Mr. FONDA: One chance, because if you don't, you're gone. You don't have a
shot at it, at getting the role.
DAVIES: Even if you're a Fonda?
Mr. FONDA: Nah. You know, they may say that's a great selling point to have
a Fonda in the film, but man, if you're not a good actor, no matter how many
films you've done or how many parents you've got in this business, you don't
get that shot. And Jane stepped up to that plate. I started working at it
when I was 13. I wrote my first play when I was 13 because I did not want to
play a fair young maiden in another show of the "Pirates of Penzance" because
I was at an all boys boarding school and somebody had to play a fair young
maiden. I was a skinny little effete-looking guy and I was so embarrassed
about this because I was almost 10 pounds when I was born. In my father's
movie--I can't remember what he was making--but he went hooping and hollering
around the set, I'm told, saying, `Oh boy I have a fullback for a son.' Well,
guesss what, I was almost 10 pounds when I was 20. So that was a
disappointment walking out the door.
DAVIES: (Unintelligible). Right. Right. Well, it's been great talking to
you, Peter Fonda. Thanks so much for coming.
Mr. FONDA: Thank you very much for having me on the show.
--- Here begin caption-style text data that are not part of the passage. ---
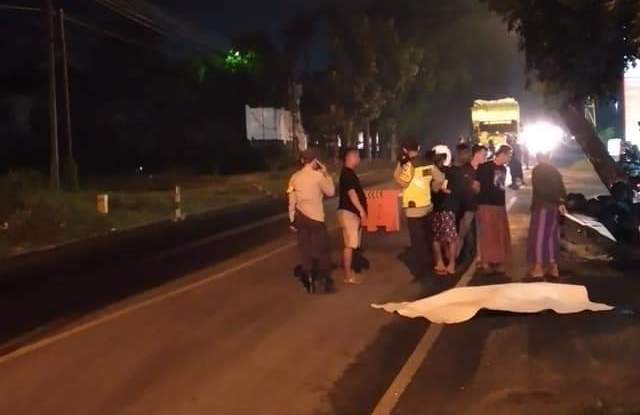 KECELAKAAN: Polisi dibantu warga saat melakukan evakuasi korban laka di Jalan Raya Desa Abar - abir, Kecamatan Bungah. (Istimewa/Radar Gresik )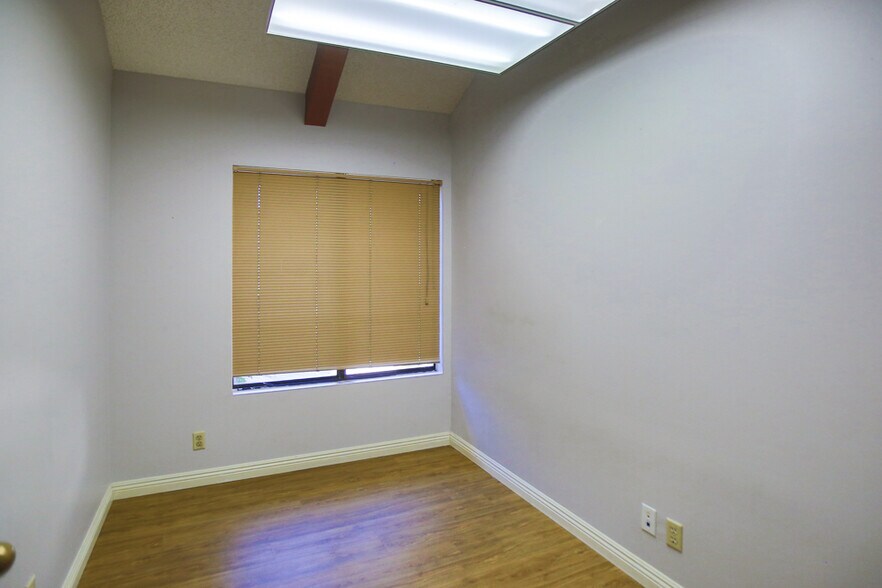 More Photos Of 1810 E 17th St, Santa Ana Medical For Lease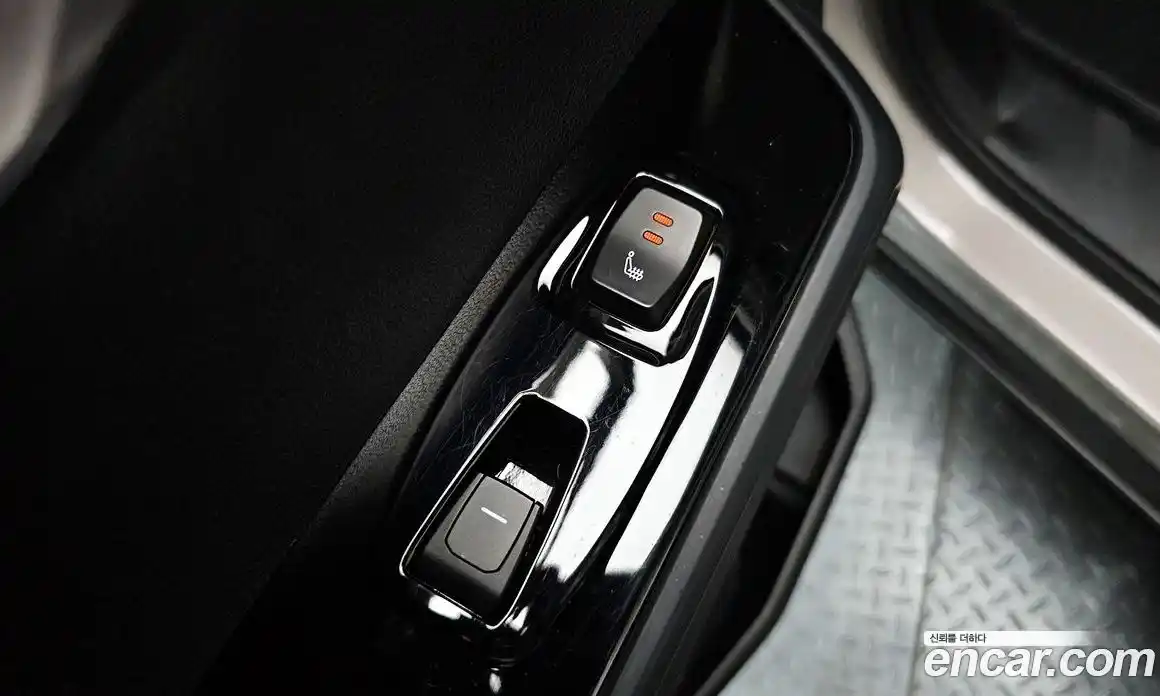 SsangYong Torres 2024 0.2 автомат (гидро), фото 23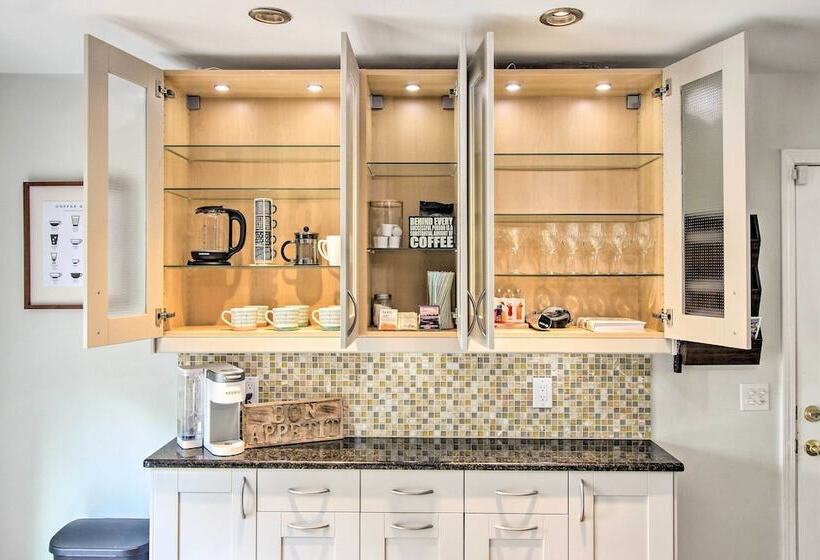 Savannah Family Home W/ Private Pool & Yard!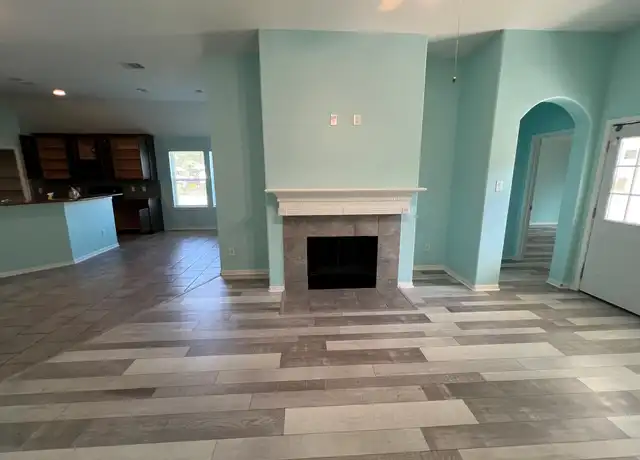 Property at 70 N Forrest Ave, La Porte, TX, 77571, 3 beds, 2 baths, [object Object]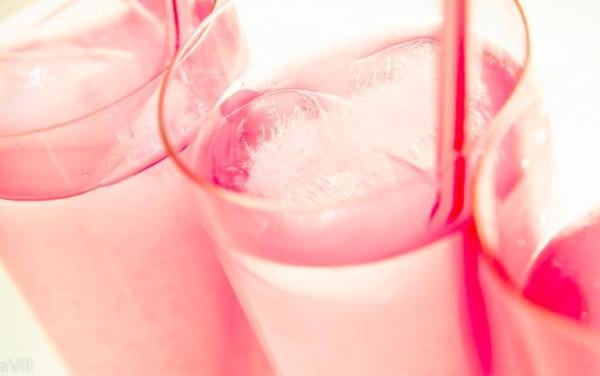Como fazer limonada rosa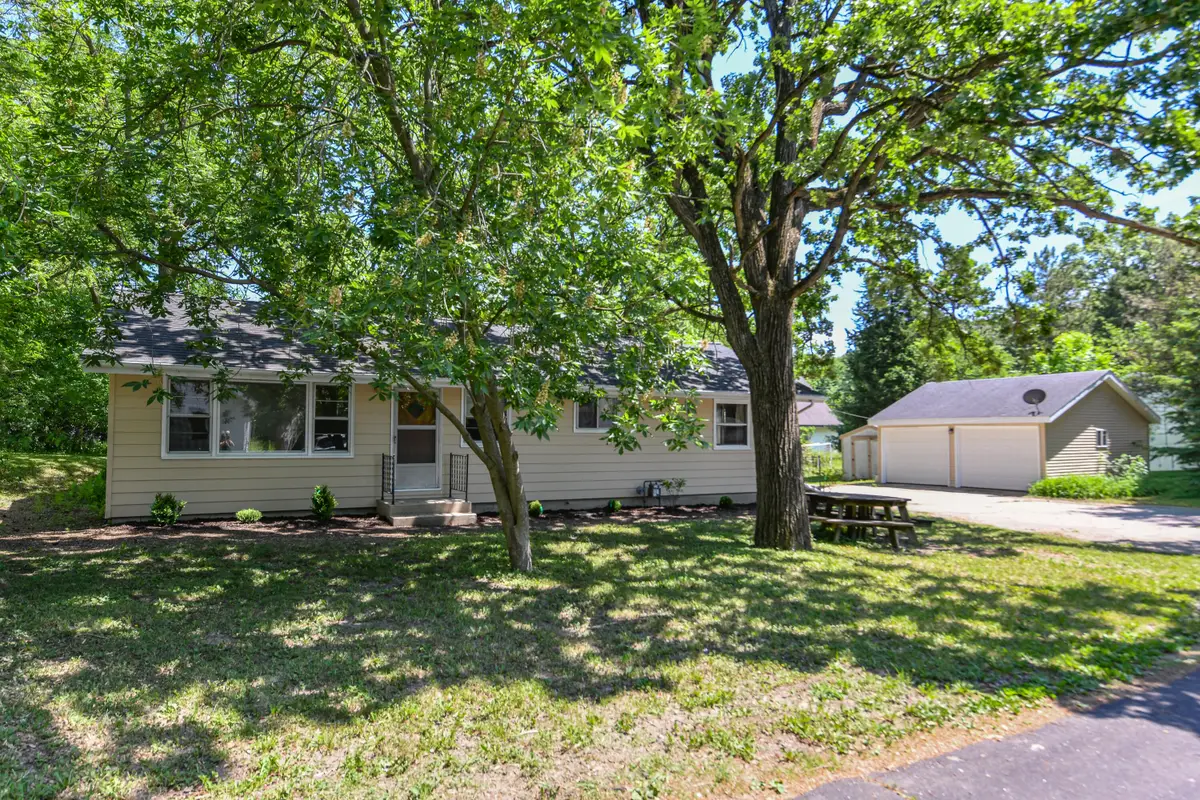N6924 Oak Ln, Sugar Creek, WI 53121 - #1
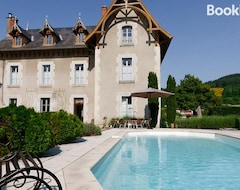 Bed & Breakfast Chateau d'Arfeuilles Chambres et tables d'hotes (Arfeuilles, Ranska)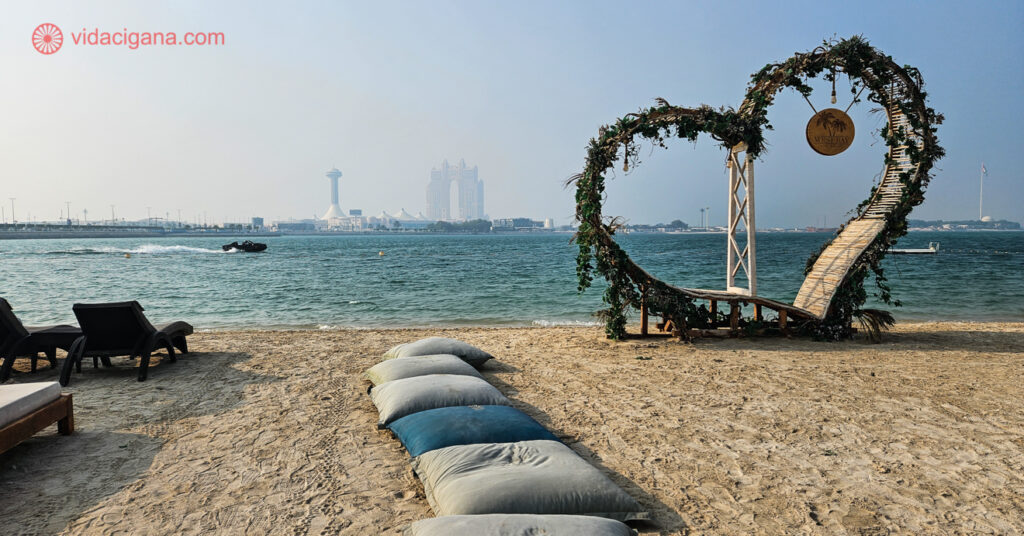 A foto mostra uma praia privativa em um dos hotéis onde ficar em Abu Dhabi, o Radisson Blu Hotel & Resort, na região Le Corniche.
DAVIES: Peter Fonda's new film, "3:10 to Yuma," opens September 7th.
Coming up, Geoff Nunberg on sarcasm. This is FRESH AIR.
* * * * * * * * * * * * * * * * * * * * * * * * * * * * * * * * * * *
Review: Linguist Geoff Nunberg opines on sarcasm
DAVE DAVIES, host:
What is it that brings out a sarcastic streak in people whenever they talk
about improper use of language? Our linguist Geoff Nunberg thinks he's found
the origins: in eighth grade English class.
GEOFF NUNBERG reporting:
Not long ago, Newsweek ran a guest column by an Alabama college professor who
was complaining about his students' sloppy writing. One of those familiar
language diatribes that seem to come with a system disc. Whenever he sees a
student writing, `It goes without saying' or `It's not for me to say,' he
says, he scribbles on their essays, `Then why say it?'
Nobody gets through life without having an English teacher like that, though
if you're lucky, you'll get yours of the way well before you reach college.
Mine was Mrs. Bosch in the eighth grade. Let somebody hand in a paper with a
sentence, `Having been thrown in the air, the dog caught the stick,' and Mrs.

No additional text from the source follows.